Exercise directions: Once you find the line with "espaço energia, transmissão" in the listing below, set down exactly every line from it through the line with "Groupe de personnes", but no pictures.

Supplied records:
━━━━━━━━━━━━━━━━━━━━━━━━━━━━━━

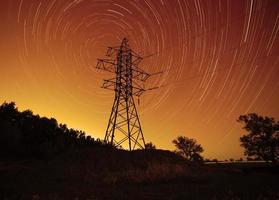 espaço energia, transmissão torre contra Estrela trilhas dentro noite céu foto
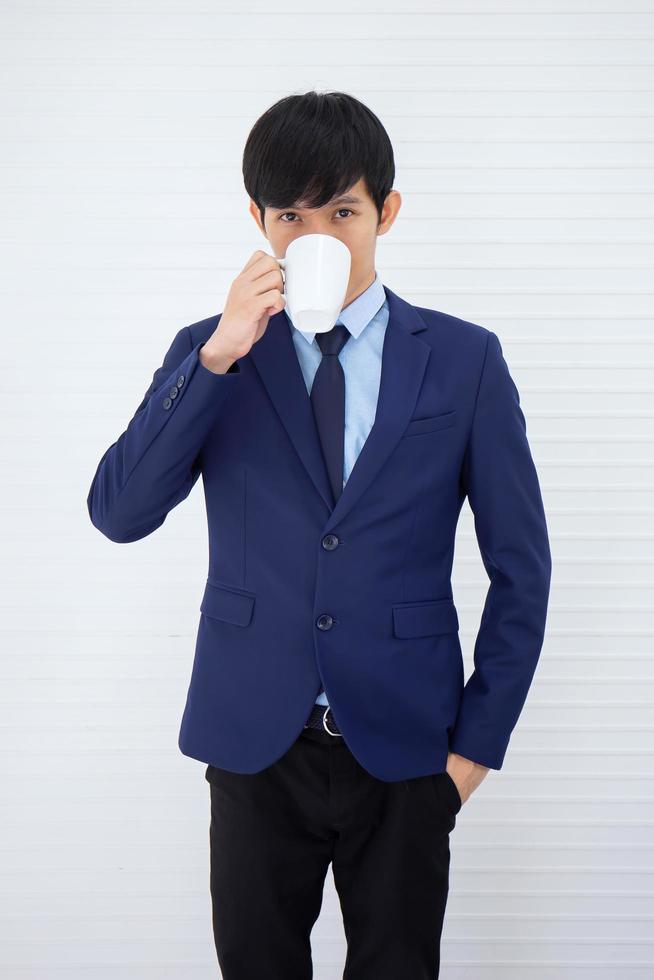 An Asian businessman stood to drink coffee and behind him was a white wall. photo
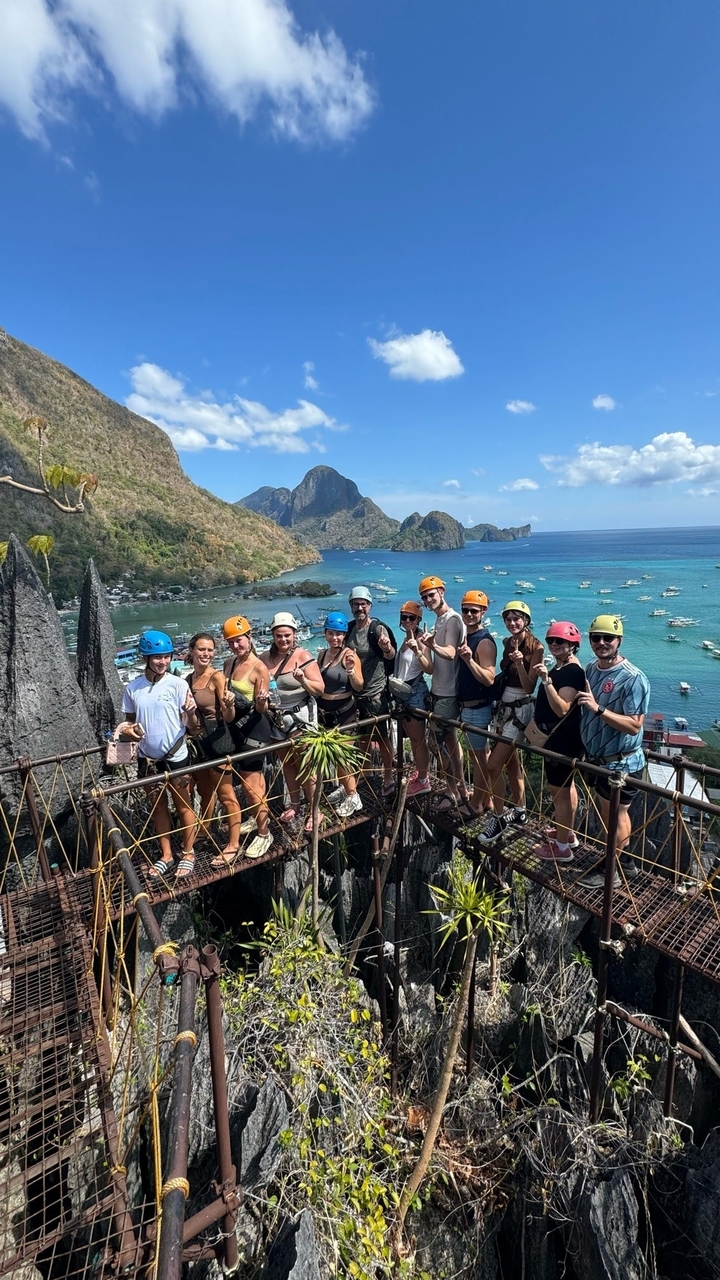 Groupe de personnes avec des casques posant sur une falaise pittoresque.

━━━━━━━━━━━━━━━━━━━━━━━━━━━━━━

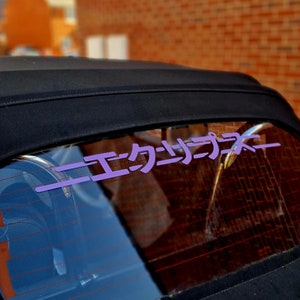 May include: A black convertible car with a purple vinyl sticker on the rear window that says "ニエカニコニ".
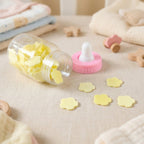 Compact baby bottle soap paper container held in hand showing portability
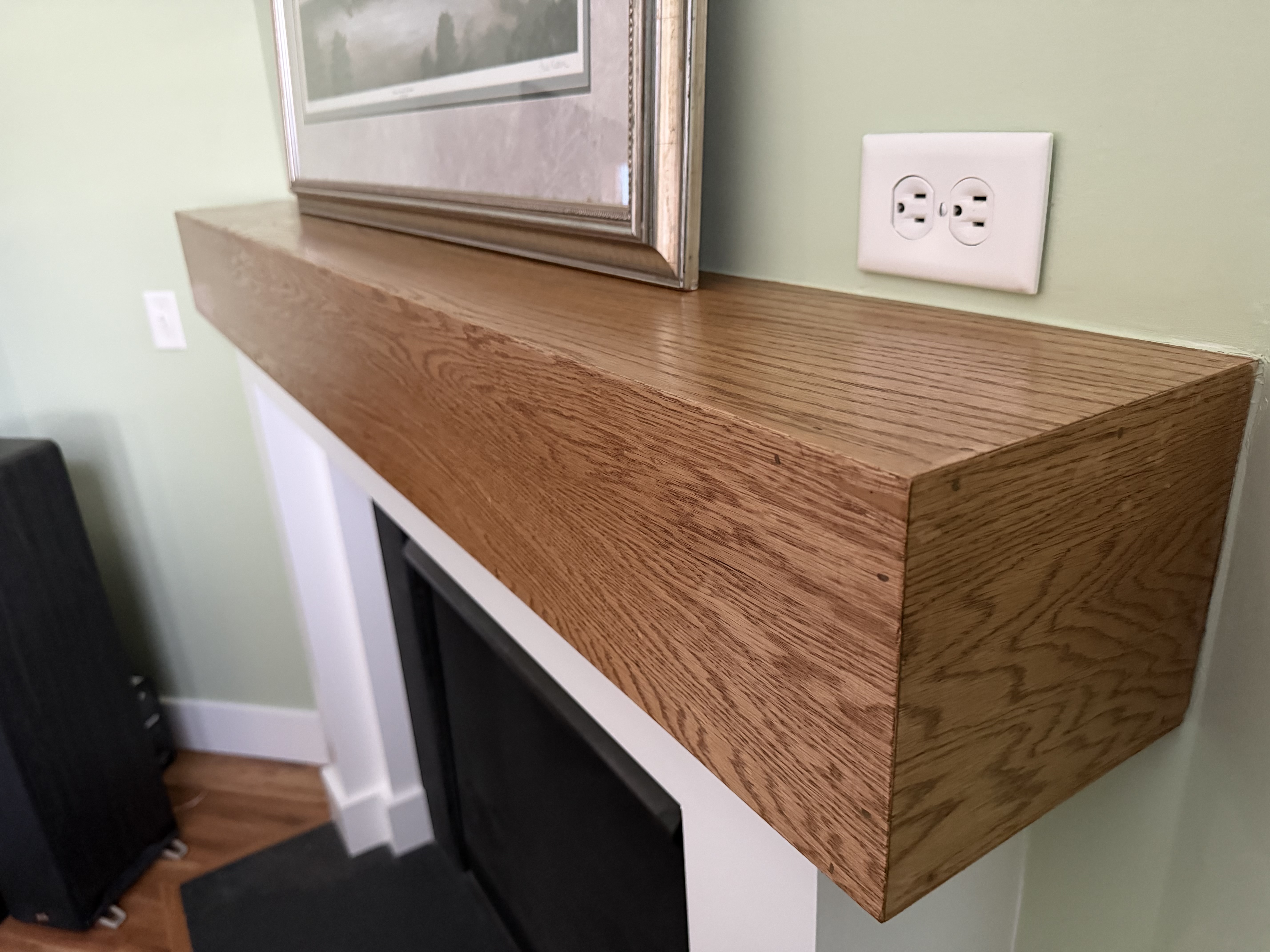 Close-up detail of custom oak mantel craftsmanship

━━━━━━━━━━━━━━━━━━━━━━━━━━━━━━

Answer to this exercise:
 espaço energia, transmissão torre contra Estrela trilhas dentro noite céu foto
 An Asian businessman stood to drink coffee and behind him was a white wall. photo
 Groupe de personnes avec des casques posant sur une falaise pittoresque.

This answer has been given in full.